Einstürzende Brückenbauten – vom Fehlen öffentlicher Investitionen

Deutsche Schuldenbremse, europäischer Fiskalpakt: Die Sparpolitik hat zu einem dramatischen Rückgang öffentlicher Investitionen geführt. Die Infrastruktur zerfällt, Wachstum wird verhindert und generationengerecht ist der Verzicht auf Kredite auch nicht: Es ist Zeit umzudenken.

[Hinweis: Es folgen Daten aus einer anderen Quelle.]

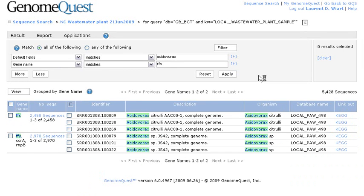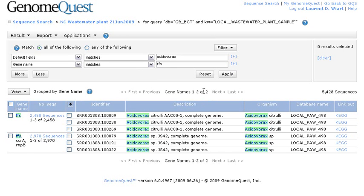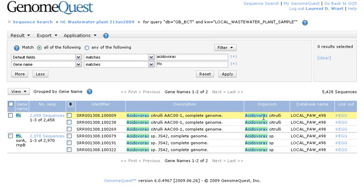So now, GenomeQuest is showing the reads that are annotating this FFS gene name. And now, we have a total of more than 5,000 reads annotated by this gene. Some from acidovorax citrulli. Some from this other strain.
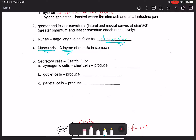The zymogenic cells, otherwise known as chief cells, produce pepsinogen. Pepsinogen is a proenzyme — a precursor to the enzyme pepsin — which breaks apart peptide bonds between amino acids within proteins, ultimately breaking down proteins into their subunit molecules: amino acids. Goblet cells produce mucus.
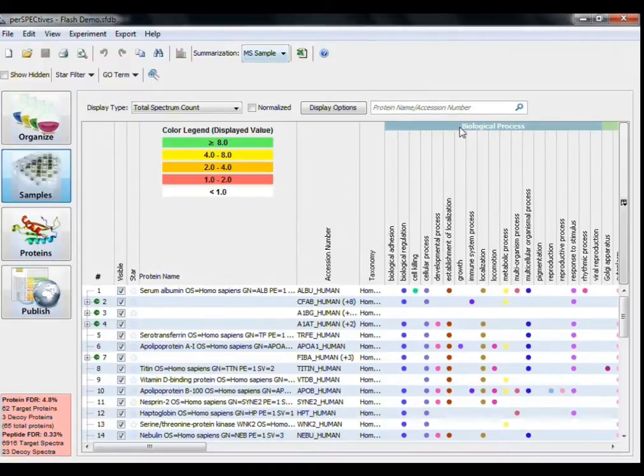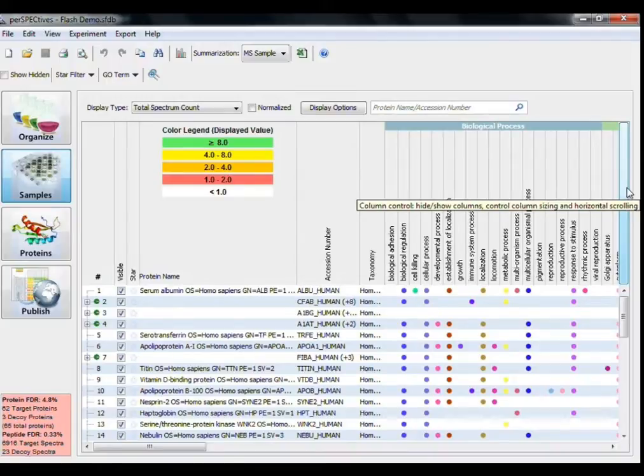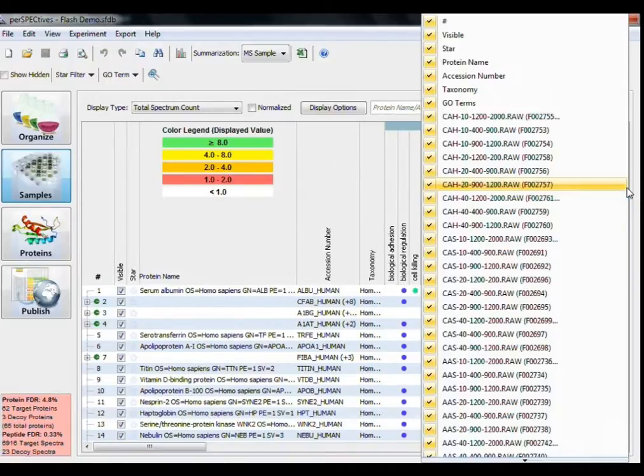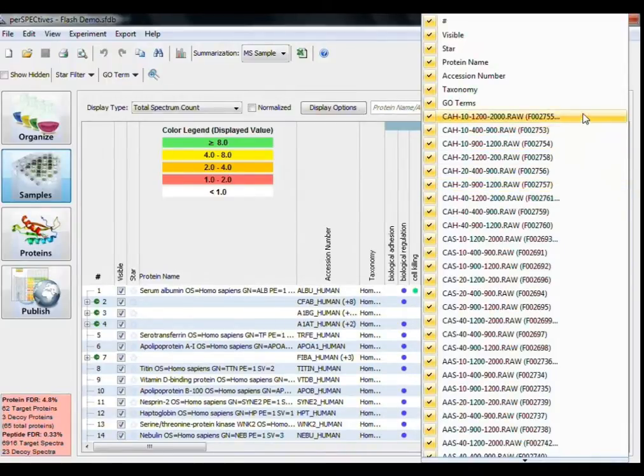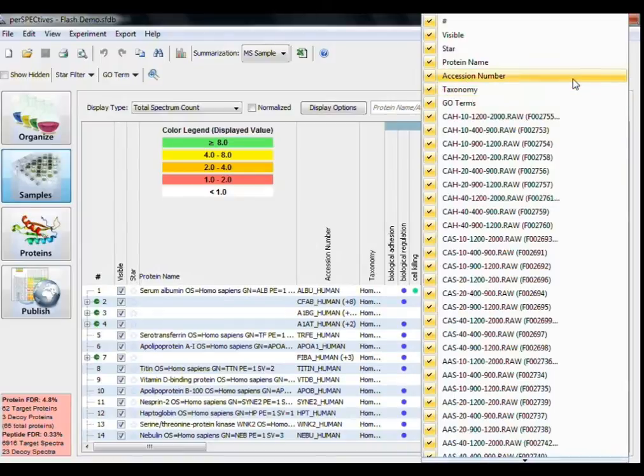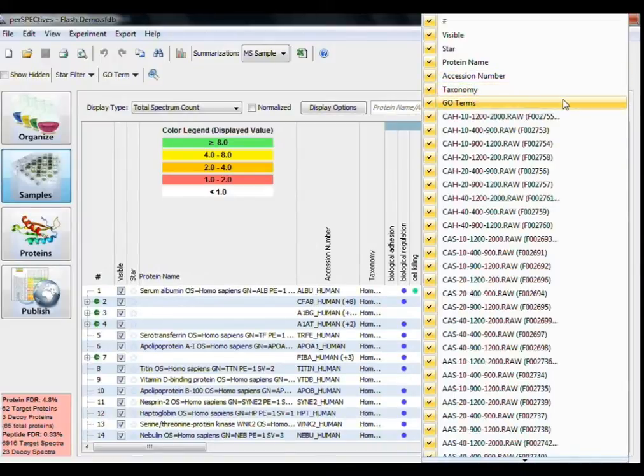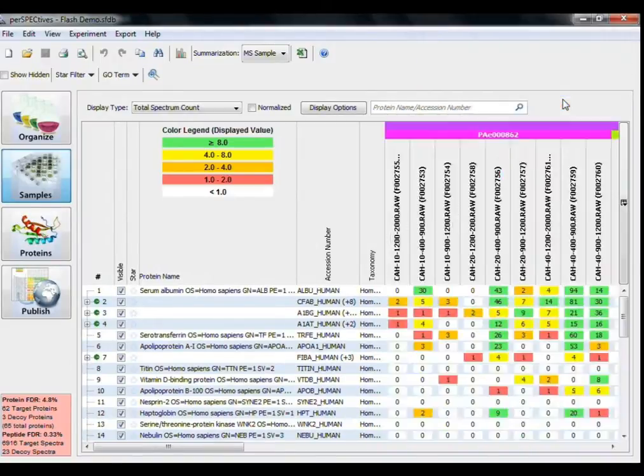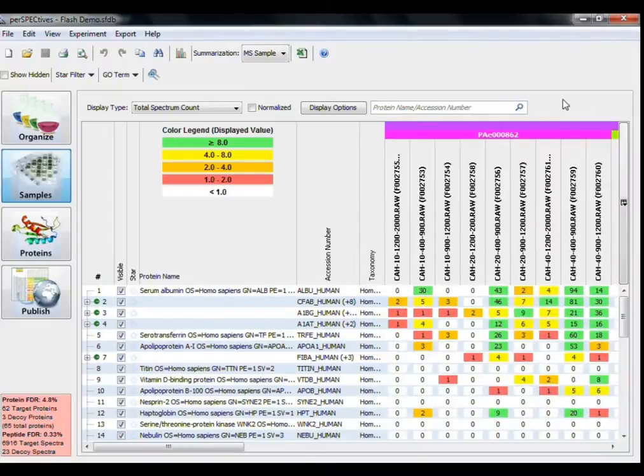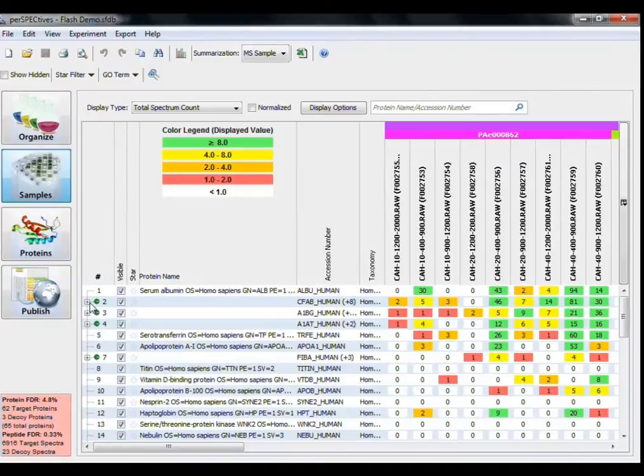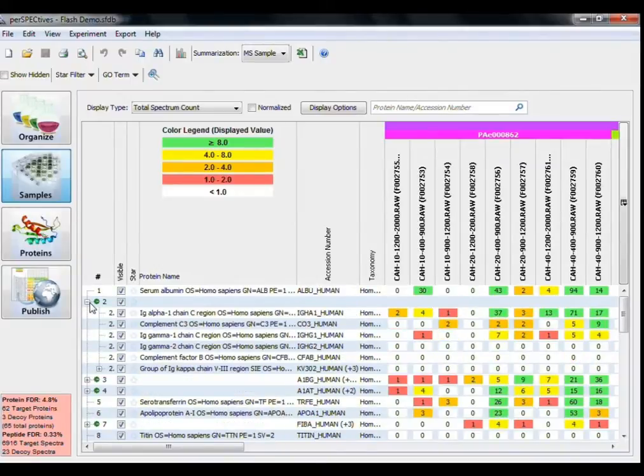I want to hide the GoTerms for now, so I'm going to click on the Column control, which is the drop-down menu to the right of the column header. This is a list of each of the displayed columns. Clicking on the GoTerms menu option will uncheck and hide all GoTerms in the table. Note that the proteins will retain their clustering by GoTerms even when the annotations themselves are hidden.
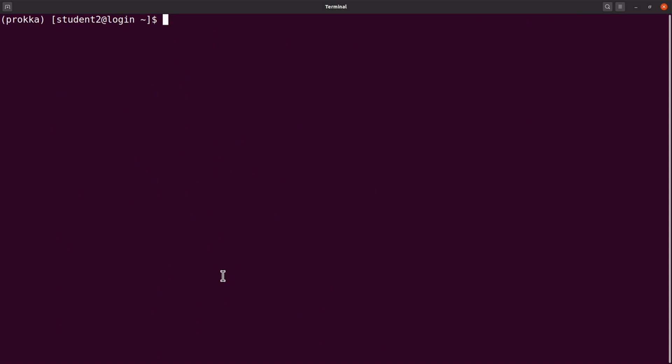So now it's time to use Prokka. So what we do is to first call Prokka, then we specify cpus which is 4. So the cpus here will allow Prokka to use a specified number of cpus for the genome annotation.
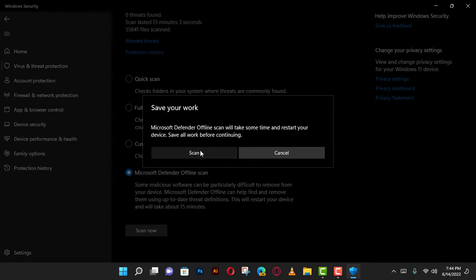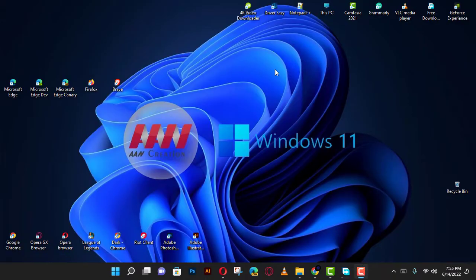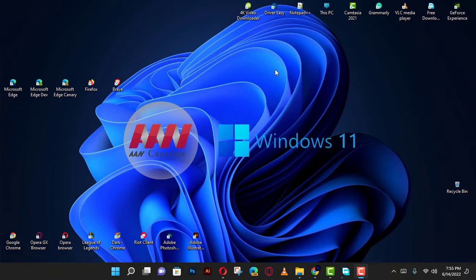Once you complete the steps, the computer will restart automatically in the recovery environment, and Microsoft Defender will start the full virus scan. If the Windows 11 antivirus detects any virus, rootkit, or any other type of malware, it'll remove it automatically.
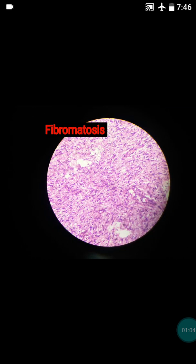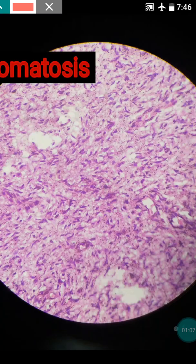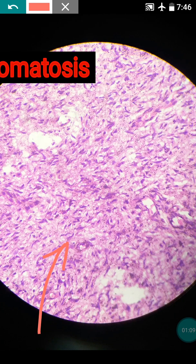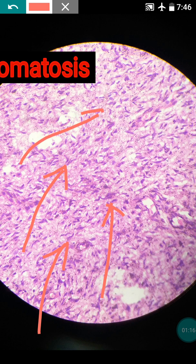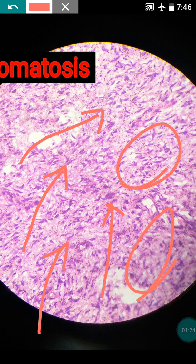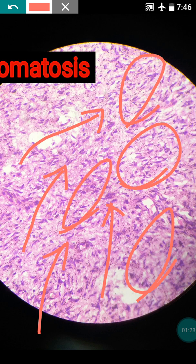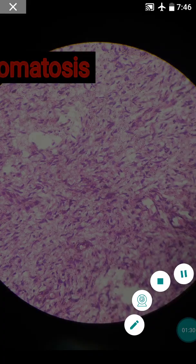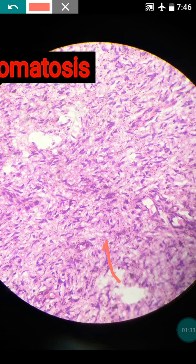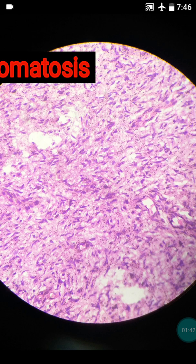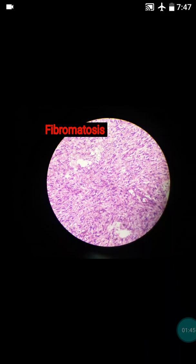Now we will see these four points in the high power view. In fibromatosis you can easily make out that there is presence of fibroblast proliferation — they are bland spindle cells. Pleomorphism, atypia, and mitosis are typically absent; these are purely benign cells. There should also be presence of collagen in between the proliferated cells — you can see the pinkish collagen between the proliferated cells.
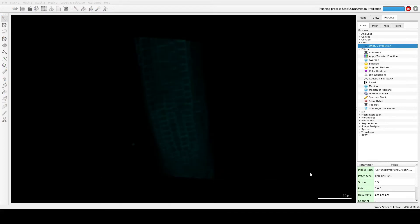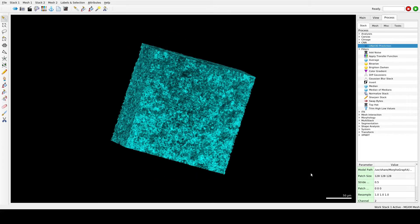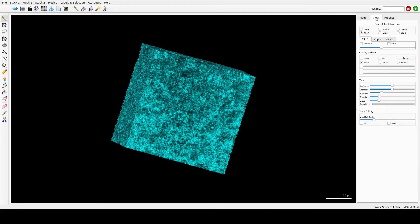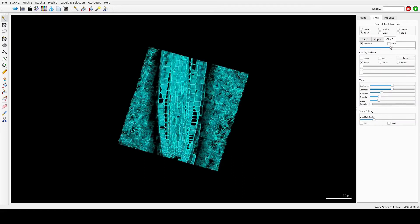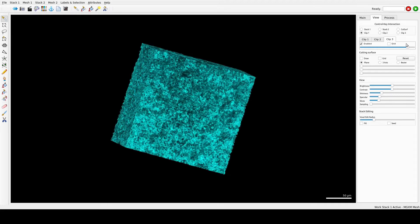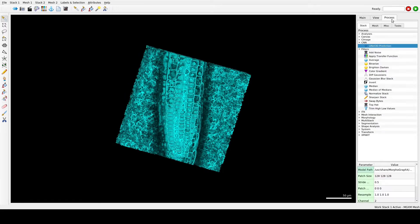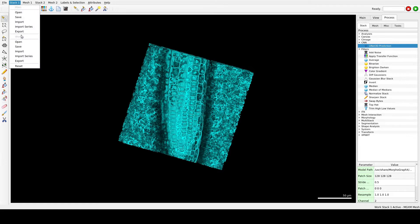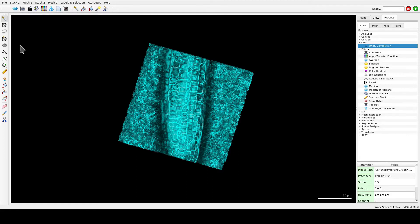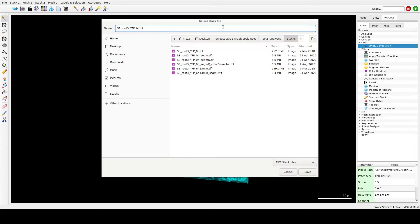This process will take quite some time to run. Now the process is done — we can look at the results by clipping the planes. You can see the cells are quite clear. Remember to save this stack: Stack > Work > Save, and call it CNN.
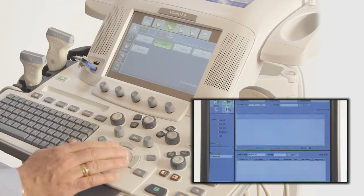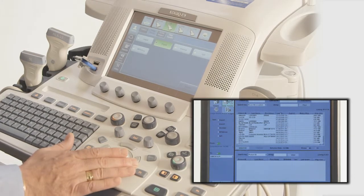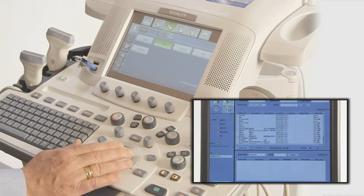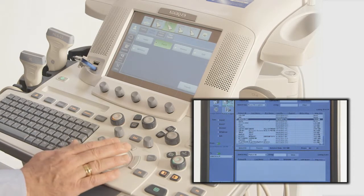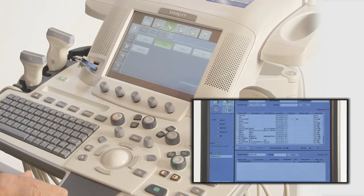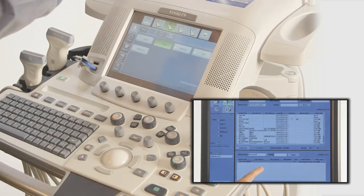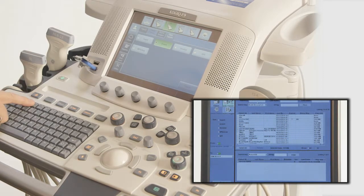The list of patients can be ordered chronologically by clicking on the Last Exam column header. Choose the patient or patients you wish to export and then press Transfer. Once the transfer is finished, the media will need to be ejected using the F3 key.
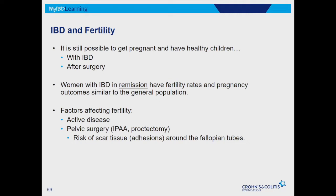It is possible to get pregnant and have healthy children with IBD — ulcerative colitis and Crohn's — and after surgery. What we focus on most as physicians is that a healthy mom leads to a healthy baby. Women in remission — where inflammation is controlled and evaluated by a doctor — have fertility rates similar to the general population without IBD. Factors affecting fertility include active disease, the IPAA or J-pouch procedure, and proctectomy, which is removal of the rectum. Those are two common pelvic surgeries in IBD patients.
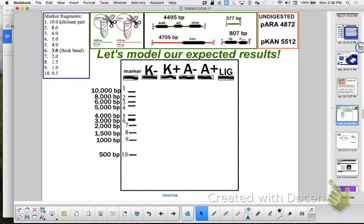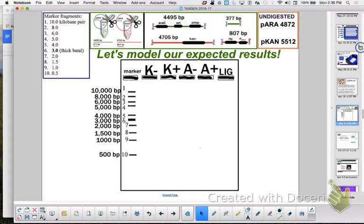When we look at marker we need to look at fragment sizes. Which of these rows have fragments in them? K plus and A plus because what does the plus mean? You added restriction enzymes. What do restriction enzymes do? Cut at a specific series of bases. If I look at whole pecan it's 5,512 base pairs, but if I've cut it then I should have two fragments: a fragment that's 807 and a fragment that's about 4,700 base pairs.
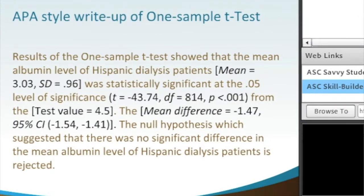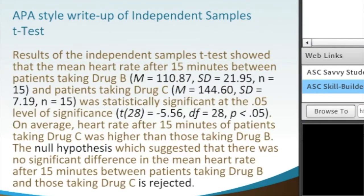Here we have the independent samples t-test. The results of the independent samples t-test show that the mean heart rate after 15 minutes between patients taking Drug B — here's our point estimate of means equal to 110.87 — with our standard deviation, and here we include our sample size of 15.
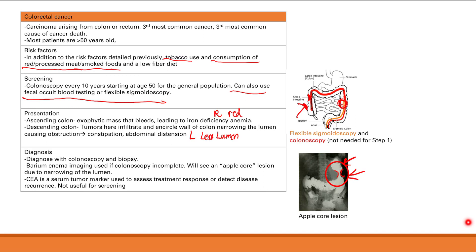CEA is a serum tumor marker that can be used to assess treatment response or detect disease recurrence in colorectal cancer. However, it is not used for screening, because CEA can also be elevated in other tumors and benign diseases. If colorectal cancer is confirmed, CEA levels can be followed to monitor whether cancer is decreasing, whether it's been completely removed, or whether it has recurred.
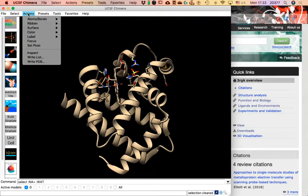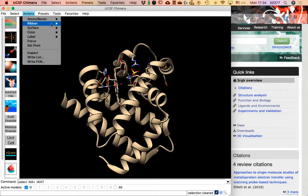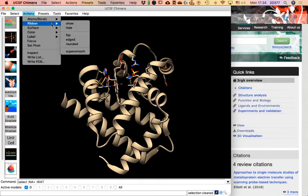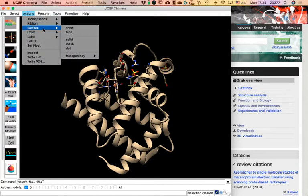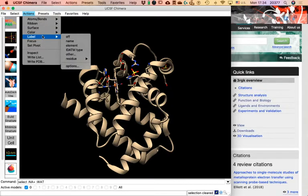These actions might seem like cut-and-paste or format-changing in Word, but they are more like changing the way things look. Under Atoms and Bonds, all actions change how atoms and bonds appear — balls and sticks, spheres, wire, and so on. I can show the protein or nucleic acids as ribbons, show protein surfaces, change colors, change labels, etc.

Bild: Bild: Pothole, Urheber: ChrisUK, Lizenz: CC BY-NC-ND 2.0

Baufällige Brücken, marode Turnhallen, Landstraßen mit Schlaglöchern: Selten zeigt sich staatliches (Nicht)-Handeln so deutlich wie am Zustand der Infrastruktur. Der harte Konsolidierungskurs im Euroraum seit 2010 hat insgesamt zu einem Rückgang öffentlicher Investitionen geführt. Im Durchschnitt der Euro-Länder gibt der Staat etwa ein halbes Prozent des Bruttoinlandprodukts (BIP) weniger für Investitionen aus als vor der Krise. Insbesondere in den Staaten der südlichen Peripherie ist der Rückgang noch deutlicher: Hier sind die öffentlichen Investitionen von gut vier Prozent  des BIP vor der Krise auf aktuell nur noch zwei Prozent eingebrochen. Deutschland hingegen hat  die öffentlichen Investitionen im Vergleich zu vor der Krise sogar leicht gesteigert.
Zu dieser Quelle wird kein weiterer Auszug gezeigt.